The Australian Government’s Royal Commission into National Natural Disaster Arrangements interim report has highlighted opportunities for improvements that line up with the LNP’s 10-point Bushfire Mitigation Plan.
LNP Shadow Minister for Fire and Emergency Services Lachlan Millar said that the report, released on August 31, endorses key elements of the LNP’s comprehensive plan to get Queensland bushfire ready.
“The report clearly points to the fact that State and Territory Governments have the responsibility of managing natural disasters including preparation and mitigation activities,” Mr Millar said.
“This is an endorsement of LNP’s bushfire mitigation plan which will increase preventative measures, provide certainty for landholders and support frontline firefighters.
“In emphasising that the ‘practical implementation of land management rests with the landholder’ the report prioritises the importance of the LNP’s plan to streamline ‘right to burn’ rules if approvals are not processed in 15 days**.
“The report also outlines the importance of prescribed burning, mechanical clearing—such as slashing, thinning and mowing—and grazing by animals as managing bushfire behaviour and increasing the potential for suppression***.
“Labor has failed to meet its targets for ‘Operation Cool Burn’ five years in a row.
“It’s hard to believe that after last year’s horrendous bushfires, the Palaszczuk Labor Government still hasn’t met its own hazard reduction targets.
“Labor has no performance targets for holding government departments to account, which is why the LNP’s bushfire plan includes a commitment to complete 98% of all planned hazard reduction activities.
“The LNP also has a plan to allow monitored grazing in state forests and some national parks to manage fuel loads
“The report also lines up with the LNP’s plan to trial a traditional burning program run by indigenous rangers****.
“Labor should release the actual number of planned and delivered hazard reduction burns, instead of fudging the figures.
“A Deb Frecklington LNP Government will undertake adequate mitigation activities to ensure Queensland lives and properties are protected from future bushfire threats.”
* Bushfire Royal Commission – Interim Observations 31 August 2020: https://naturaldisaster.royalcommission.gov.au/system/files/2020-08/Interim%20Observations%20-31%20August%202020_0.pdf
** Public and private land management: Page 16
*** Public and private land management: Page 16
**** Indigenous land and fire management: page 17
The LNP’s 10-point bushfire mitigation plan
One-stop-shop for streamlined approval process: The LNP will establish a single point of contact for all landholders (local, state and federal) to answer and enable bushfire mitigation inquiries, as recommended by the 2018 IGEM report.
Deemed approval after 15 business days under a "right to burn" model: Properly made applications will be automatically approved after 15 business days to give landholders and councils certainty. This will stop permits getting lost in bureaucratic process and restore accountability and bring certainty to landholders and allow government to scale up or down resources to respond to demands for permits.
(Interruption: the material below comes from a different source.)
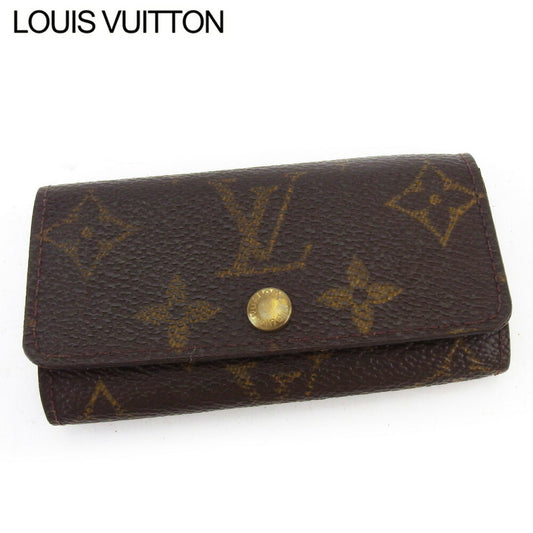LOUIS VUITTON Key case Key holder M62631 Brown Multicles4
New KPIs to achieve 98 per cent of hazard reduction activities: There are currently no KPIs holding government departments to account on hazard reduction burns, the creation of firebreaks and community education. Between 2016 and 2019, only 54% of hazard reduction burns planned have been completed. There’s also been a 30 per cent reduction in completed overall hazard reduction activities.
Indigenous rangers to undertake traditional burning: The LNP will trial a traditional burning program run by indigenous rangers. The program won’t replace Rural Fire Brigades’ role in managing and coordinating hazard reduction burns. It will compliment pre-existing efforts by combining traditional and modern burning practices. Blending cultural and modern burning techniques has proven successful and should be expanded.
Establish a Natural Disaster Cabinet Committee to monitor preparations: The group will be chaired by the Emergency Services Minister and QFES Commissioner. It will monitor the progress of state departments and landholders conducting hazard reduction activities.
Monitored grazing in state forests, some national parks to manage fuel loads: The 2018 IGEM report cited grazing as a measure used in conjunction with a suite of hazard reduction measures. Grazing will be monitored to protect the environment but also manage fuel loads.
Establish metropolitan-based Rural Fire Volunteer brigades: Just like in Sydney and Melbourne where brigades exist that are operated by volunteer firefighters that can be called on during extreme bushfire events to surge capacity, a similar model should be investigated in Queensland to make use of the large number of SEQ based volunteers.
Restore local control to Rural Fire brigades: This will restore recent management structure changes that pushed local fire brigades under the reporting authority of regional urban fire groups.
Establish a Rural Fire Board: The Rural Fire Board will be made up of respected rural fire brigade members from across Queensland as well as members appointed by the Government. Future policy direction or matters that affect brigades and volunteers would need to be accepted or made workable by this representative board.
Review of aerial firefighting capability: A review and stock take of aviation fire assets in Queensland to ensure the state’s capacity will accommodate future increased fire risks.